5 business plan pitch tips that may surprise you

May 6, 2010

When it comes to pitching business plans to potential investors, a lot of so-called conventional wisdom is simply dead wrong. Here are a few pitch pointers you might find counterintuitive, but you’ll definitely find helpful:

1.) Aim low. If you make outlandish claims, such as touting yourself as the next Google, investors will be more inclined to poke holes in your arguments. And trust me, they will find holes. Instead, sell just hard enough to get investors to nod their heads and think “yes, that seems reasonable.” Be confident, but not cocky.

2.) Be picky. Getting in front of the right investors is at least half the battle. That means people who invest the amount you are asking for, in the industry you’re in, and they invest in companies at your stage of development. Do your homework, and make sure there’s a fit, to avoid wasting everybody’s time.

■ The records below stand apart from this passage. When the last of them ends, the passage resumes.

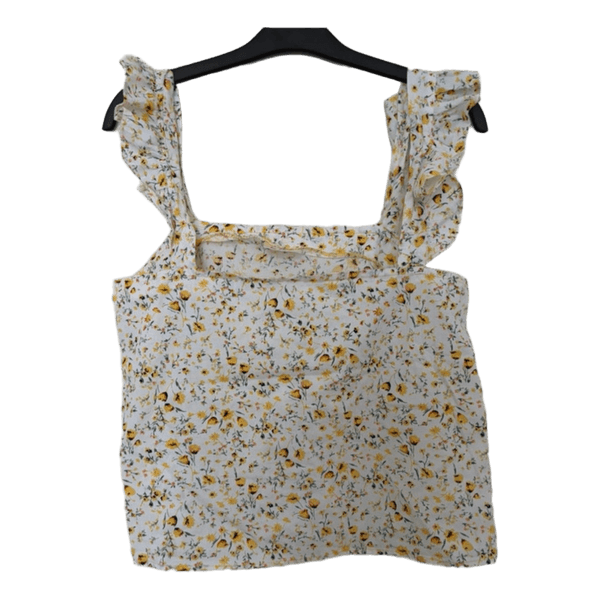 By Elina yellow floral top  str. XS/S - Handmade in France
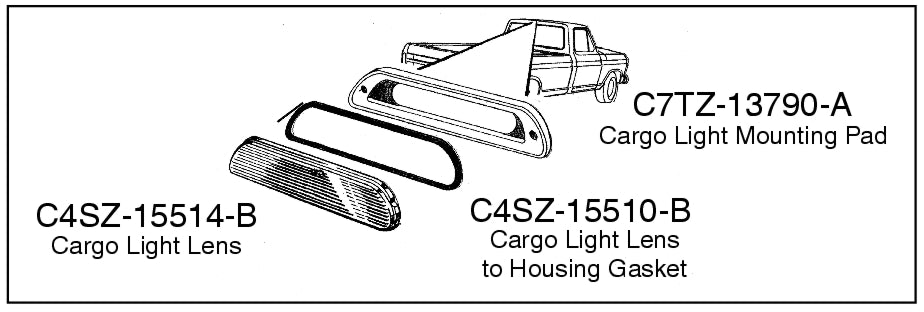 CARGO LIGHT LENS/BACK UP LENS GASKET - 67-77 F-100/F-350,64-66 TBIRD
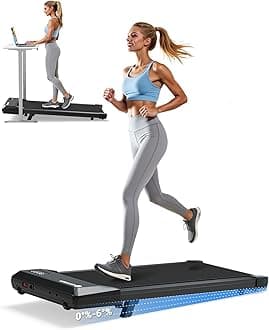 - Under Desk Walking Pad Treadmill for Home Office & Small Spaces, 6% Manual Incline, 0.6–3.8 MPH Walking Speed, 2.5 HP, 300 lb Capacity, App & Remote Control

3.) Less is more. Emphasize one or two points on each slide. No more. These are your friends: White space, photos and charts that make complex ideas simple, bullet points with less than ten words. These are your enemies: Small fonts, confusing graphics, too many words, your company logo repeated 15 times, and consultant speak (e.g. “leverage”, “value-added” and “synergy”). Pitch the headlines, with about 15 slides, in less than 20 minutes. If investors want more detail, they’ll ask for it.

4.) Your deck shouldn’t make sense without you. A good pitch deck is an outline. It reminds you what to say at each step of your presentation, but doesn’t compete with the words you speak. In a great pitch, your eyes should connect with the eyes of your audience about 90% of the time. If all eyes are glued to the slides, you are probably not generating much excitement.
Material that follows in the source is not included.